WORK ITEM
Repeat the listing exactly as given, omitting every image.

COLLECTED MATERIAL
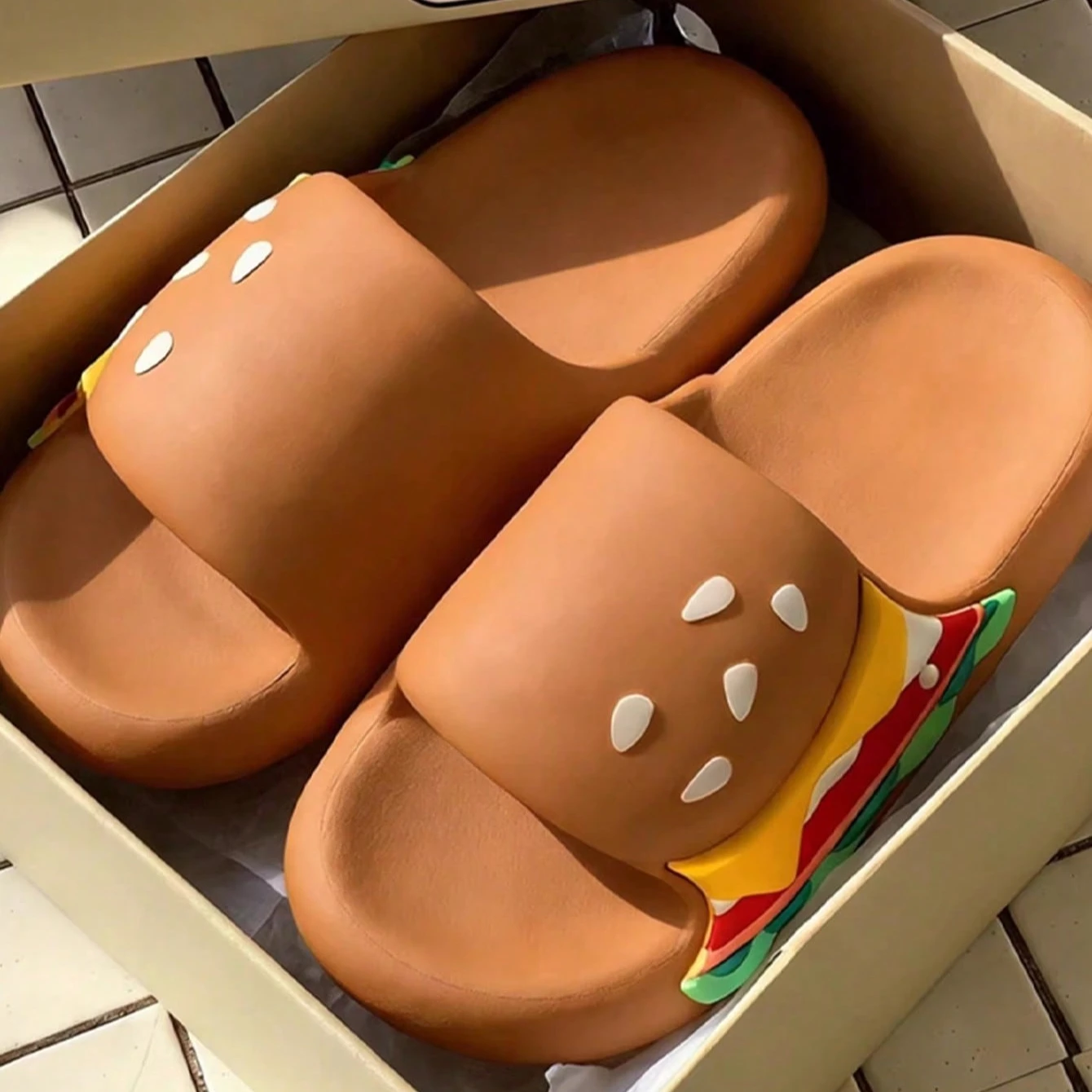 Women House BathSlippers Casual Cute Lovely Cartoon Hamburger Cat Capybara Summer Indoor Non-slip Soft Soles Comfy Home Female image 3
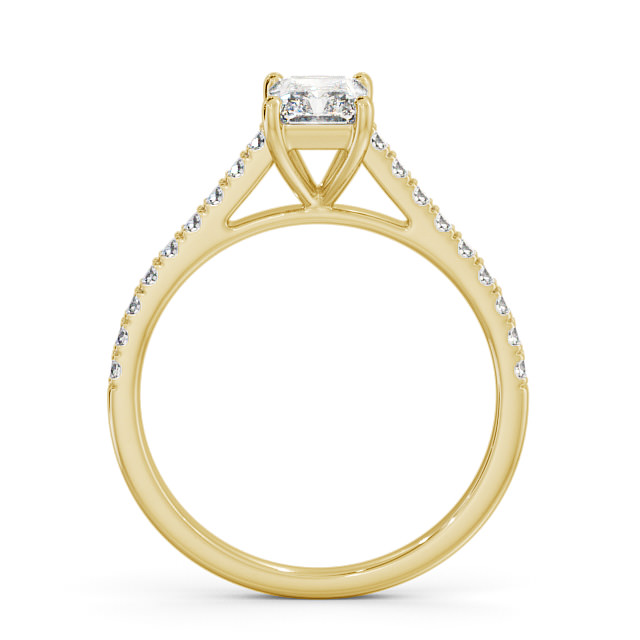 Radiant Diamond Engagement Ring 9K Yellow Gold Solitaire With Side Stones - Reina ENRA17_YG_UP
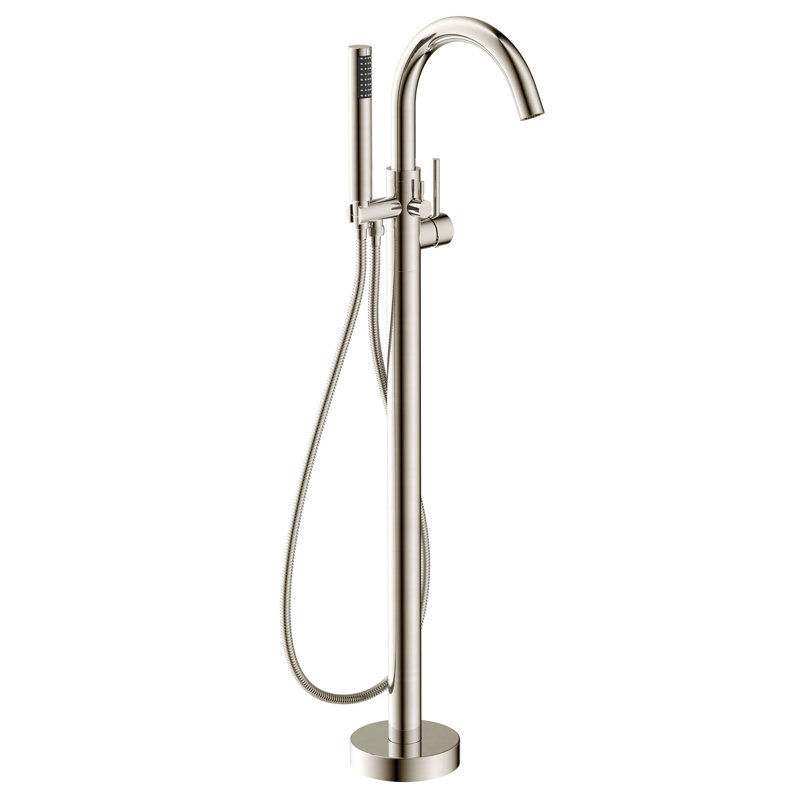 2 Handle Floor Clawfoot Tub Faucet with Diverter, Brushed Nickel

THE COMPLETED TASK
 Women House BathSlippers Casual Cute Lovely Cartoon Hamburger Cat Capybara Summer Indoor Non-slip Soft Soles Comfy Home Female image 3
 Radiant Diamond Engagement Ring 9K Yellow Gold Solitaire With Side Stones - Reina ENRA17_YG_UP
 2 Handle Floor Clawfoot Tub Faucet with Diverter, Brushed Nickel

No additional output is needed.